◆ **Web page caption snippets**
------------------------------------------------
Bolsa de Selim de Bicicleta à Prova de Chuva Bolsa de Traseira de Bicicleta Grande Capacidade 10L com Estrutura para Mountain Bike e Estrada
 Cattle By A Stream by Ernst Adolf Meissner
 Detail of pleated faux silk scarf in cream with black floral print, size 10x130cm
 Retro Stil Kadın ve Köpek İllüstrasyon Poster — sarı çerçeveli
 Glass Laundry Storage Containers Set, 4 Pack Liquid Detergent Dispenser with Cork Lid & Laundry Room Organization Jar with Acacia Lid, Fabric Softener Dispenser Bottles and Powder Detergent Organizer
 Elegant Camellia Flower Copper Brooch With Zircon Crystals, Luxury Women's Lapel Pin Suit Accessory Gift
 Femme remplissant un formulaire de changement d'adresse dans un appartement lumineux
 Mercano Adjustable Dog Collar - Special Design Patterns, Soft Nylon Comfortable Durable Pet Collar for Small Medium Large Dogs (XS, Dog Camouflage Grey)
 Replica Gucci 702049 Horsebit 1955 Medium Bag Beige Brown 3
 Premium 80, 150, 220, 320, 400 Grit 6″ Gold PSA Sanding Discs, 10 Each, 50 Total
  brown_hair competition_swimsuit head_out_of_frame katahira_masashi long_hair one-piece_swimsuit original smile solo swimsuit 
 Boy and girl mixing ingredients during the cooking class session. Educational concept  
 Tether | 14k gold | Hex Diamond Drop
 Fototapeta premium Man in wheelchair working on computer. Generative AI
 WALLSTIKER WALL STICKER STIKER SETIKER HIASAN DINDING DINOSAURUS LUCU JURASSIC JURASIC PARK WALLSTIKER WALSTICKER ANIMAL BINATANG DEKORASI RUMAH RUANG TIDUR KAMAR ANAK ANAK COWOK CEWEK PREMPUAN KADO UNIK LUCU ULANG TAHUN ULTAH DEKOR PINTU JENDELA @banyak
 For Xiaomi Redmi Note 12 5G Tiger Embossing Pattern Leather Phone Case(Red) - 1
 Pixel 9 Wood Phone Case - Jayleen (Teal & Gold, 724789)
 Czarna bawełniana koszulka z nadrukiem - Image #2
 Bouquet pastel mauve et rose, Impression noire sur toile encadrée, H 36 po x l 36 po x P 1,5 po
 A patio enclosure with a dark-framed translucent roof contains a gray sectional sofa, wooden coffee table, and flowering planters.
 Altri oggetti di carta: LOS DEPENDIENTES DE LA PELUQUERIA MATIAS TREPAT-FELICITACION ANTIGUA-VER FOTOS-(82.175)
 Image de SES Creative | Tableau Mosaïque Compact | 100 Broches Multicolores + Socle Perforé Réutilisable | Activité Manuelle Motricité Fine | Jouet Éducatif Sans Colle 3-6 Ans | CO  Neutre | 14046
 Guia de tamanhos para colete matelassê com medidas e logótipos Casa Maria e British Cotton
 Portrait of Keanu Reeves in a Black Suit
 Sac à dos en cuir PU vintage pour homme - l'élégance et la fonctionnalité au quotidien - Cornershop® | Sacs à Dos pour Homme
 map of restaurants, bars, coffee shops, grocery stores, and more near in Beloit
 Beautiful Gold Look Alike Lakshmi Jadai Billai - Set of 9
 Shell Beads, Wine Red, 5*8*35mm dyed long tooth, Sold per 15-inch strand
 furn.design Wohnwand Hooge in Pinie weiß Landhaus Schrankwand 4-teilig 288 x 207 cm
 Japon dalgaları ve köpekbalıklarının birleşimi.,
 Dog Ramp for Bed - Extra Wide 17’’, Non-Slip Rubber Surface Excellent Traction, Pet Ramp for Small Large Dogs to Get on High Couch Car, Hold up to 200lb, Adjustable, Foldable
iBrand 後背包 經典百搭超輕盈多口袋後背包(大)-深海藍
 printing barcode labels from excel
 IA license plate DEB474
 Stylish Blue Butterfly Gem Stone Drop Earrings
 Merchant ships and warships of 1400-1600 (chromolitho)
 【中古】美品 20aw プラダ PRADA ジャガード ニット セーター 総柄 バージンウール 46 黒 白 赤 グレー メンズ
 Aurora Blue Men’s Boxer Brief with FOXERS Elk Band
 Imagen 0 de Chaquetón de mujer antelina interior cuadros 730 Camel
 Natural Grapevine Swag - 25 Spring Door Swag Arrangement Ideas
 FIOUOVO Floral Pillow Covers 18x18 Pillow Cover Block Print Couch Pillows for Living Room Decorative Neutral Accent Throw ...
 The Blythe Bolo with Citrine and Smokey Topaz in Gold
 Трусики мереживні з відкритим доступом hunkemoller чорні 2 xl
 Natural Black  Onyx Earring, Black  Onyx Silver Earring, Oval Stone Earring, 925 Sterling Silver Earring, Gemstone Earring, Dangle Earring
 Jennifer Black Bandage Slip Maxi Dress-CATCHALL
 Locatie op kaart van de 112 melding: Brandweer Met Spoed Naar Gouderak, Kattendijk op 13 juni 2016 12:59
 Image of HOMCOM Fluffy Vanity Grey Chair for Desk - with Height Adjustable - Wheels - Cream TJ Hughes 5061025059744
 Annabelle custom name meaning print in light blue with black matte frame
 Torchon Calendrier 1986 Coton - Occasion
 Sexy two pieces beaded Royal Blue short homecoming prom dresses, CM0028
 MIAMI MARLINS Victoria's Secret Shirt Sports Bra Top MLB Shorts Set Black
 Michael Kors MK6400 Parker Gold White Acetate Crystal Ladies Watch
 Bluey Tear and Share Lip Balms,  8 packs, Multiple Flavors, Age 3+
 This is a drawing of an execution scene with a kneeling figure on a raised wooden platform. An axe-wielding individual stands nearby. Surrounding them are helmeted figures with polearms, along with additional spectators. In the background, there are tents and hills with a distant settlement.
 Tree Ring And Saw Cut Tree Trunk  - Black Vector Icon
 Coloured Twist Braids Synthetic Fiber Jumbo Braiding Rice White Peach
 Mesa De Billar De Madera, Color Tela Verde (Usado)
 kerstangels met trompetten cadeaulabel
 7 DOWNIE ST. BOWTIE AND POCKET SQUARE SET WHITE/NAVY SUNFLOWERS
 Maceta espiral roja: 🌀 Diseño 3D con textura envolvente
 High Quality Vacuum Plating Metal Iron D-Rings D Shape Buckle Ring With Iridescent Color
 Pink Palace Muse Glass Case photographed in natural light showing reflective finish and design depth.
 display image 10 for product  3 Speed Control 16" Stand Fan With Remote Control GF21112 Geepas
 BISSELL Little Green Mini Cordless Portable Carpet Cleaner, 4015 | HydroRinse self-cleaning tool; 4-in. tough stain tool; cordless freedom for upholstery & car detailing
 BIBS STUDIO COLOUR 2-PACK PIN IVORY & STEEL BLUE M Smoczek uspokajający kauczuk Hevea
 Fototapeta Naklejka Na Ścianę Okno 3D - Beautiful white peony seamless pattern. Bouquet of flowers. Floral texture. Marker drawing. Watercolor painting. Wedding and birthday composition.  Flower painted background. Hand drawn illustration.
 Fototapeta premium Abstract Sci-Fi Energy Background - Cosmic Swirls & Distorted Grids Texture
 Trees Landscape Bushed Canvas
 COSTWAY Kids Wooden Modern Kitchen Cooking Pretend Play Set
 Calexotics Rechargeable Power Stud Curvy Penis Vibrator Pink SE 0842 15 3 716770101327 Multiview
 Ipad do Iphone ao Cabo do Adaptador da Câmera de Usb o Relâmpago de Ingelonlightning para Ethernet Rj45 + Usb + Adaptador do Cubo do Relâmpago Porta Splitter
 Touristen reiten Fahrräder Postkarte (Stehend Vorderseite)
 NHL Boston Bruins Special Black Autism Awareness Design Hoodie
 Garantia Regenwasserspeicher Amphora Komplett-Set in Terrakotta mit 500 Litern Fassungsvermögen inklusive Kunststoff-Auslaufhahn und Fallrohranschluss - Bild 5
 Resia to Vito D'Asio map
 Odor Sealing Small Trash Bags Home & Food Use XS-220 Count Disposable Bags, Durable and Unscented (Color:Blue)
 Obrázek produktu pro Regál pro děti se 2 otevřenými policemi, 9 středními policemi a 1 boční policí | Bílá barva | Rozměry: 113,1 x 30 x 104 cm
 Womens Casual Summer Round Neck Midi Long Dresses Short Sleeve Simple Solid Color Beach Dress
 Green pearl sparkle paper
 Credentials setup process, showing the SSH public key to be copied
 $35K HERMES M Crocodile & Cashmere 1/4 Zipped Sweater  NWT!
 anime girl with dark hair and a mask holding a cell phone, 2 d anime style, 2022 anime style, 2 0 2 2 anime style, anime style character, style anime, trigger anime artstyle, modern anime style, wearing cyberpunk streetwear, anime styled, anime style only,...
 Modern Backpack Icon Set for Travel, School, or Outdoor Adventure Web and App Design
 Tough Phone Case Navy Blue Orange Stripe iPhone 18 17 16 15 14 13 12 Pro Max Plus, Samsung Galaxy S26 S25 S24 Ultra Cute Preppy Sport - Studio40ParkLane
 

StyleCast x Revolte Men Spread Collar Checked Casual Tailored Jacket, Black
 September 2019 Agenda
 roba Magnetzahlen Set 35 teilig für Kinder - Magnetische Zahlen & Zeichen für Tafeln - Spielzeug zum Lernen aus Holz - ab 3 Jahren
------------------------------------------------
◆ **Exercise brief**
Could you set down, exactly as written, the lines above between the one holding "Imagen 0 de" and the one holding "High Quality Vacuum", inclusive, and nothing more?

◆ **Answer space**
 Imagen 0 de Chaquetón de mujer antelina interior cuadros 730 Camel
 Natural Grapevine Swag - 25 Spring Door Swag Arrangement Ideas
 FIOUOVO Floral Pillow Covers 18x18 Pillow Cover Block Print Couch Pillows for Living Room Decorative Neutral Accent Throw ...
 The Blythe Bolo with Citrine and Smokey Topaz in Gold
 Трусики мереживні з відкритим доступом hunkemoller чорні 2 xl
 Natural Black  Onyx Earring, Black  Onyx Silver Earring, Oval Stone Earring, 925 Sterling Silver Earring, Gemstone Earring, Dangle Earring
 Jennifer Black Bandage Slip Maxi Dress-CATCHALL
 Locatie op kaart van de 112 melding: Brandweer Met Spoed Naar Gouderak, Kattendijk op 13 juni 2016 12:59
 Image of HOMCOM Fluffy Vanity Grey Chair for Desk - with Height Adjustable - Wheels - Cream TJ Hughes 5061025059744
 Annabelle custom name meaning print in light blue with black matte frame
 Torchon Calendrier 1986 Coton - Occasion
 Sexy two pieces beaded Royal Blue short homecoming prom dresses, CM0028
 MIAMI MARLINS Victoria's Secret Shirt Sports Bra Top MLB Shorts Set Black
 Michael Kors MK6400 Parker Gold White Acetate Crystal Ladies Watch
 Bluey Tear and Share Lip Balms,  8 packs, Multiple Flavors, Age 3+
 This is a drawing of an execution scene with a kneeling figure on a raised wooden platform. An axe-wielding individual stands nearby. Surrounding them are helmeted figures with polearms, along with additional spectators. In the background, there are tents and hills with a distant settlement.
 Tree Ring And Saw Cut Tree Trunk  - Black Vector Icon
 Coloured Twist Braids Synthetic Fiber Jumbo Braiding Rice White Peach
 Mesa De Billar De Madera, Color Tela Verde (Usado)
 kerstangels met trompetten cadeaulabel
 7 DOWNIE ST. BOWTIE AND POCKET SQUARE SET WHITE/NAVY SUNFLOWERS
 Maceta espiral roja: 🌀 Diseño 3D con textura envolvente
 High Quality Vacuum Plating Metal Iron D-Rings D Shape Buckle Ring With Iridescent Color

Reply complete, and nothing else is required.